* **Data extract**:
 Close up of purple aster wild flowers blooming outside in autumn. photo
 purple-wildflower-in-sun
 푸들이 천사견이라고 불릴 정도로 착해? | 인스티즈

* **What you will do**:
Word for word, the whole listing should be given again.

* **Solution to this exercise**:
 Close up of purple aster wild flowers blooming outside in autumn. photo
 purple-wildflower-in-sun
 푸들이 천사견이라고 불릴 정도로 착해? | 인스티즈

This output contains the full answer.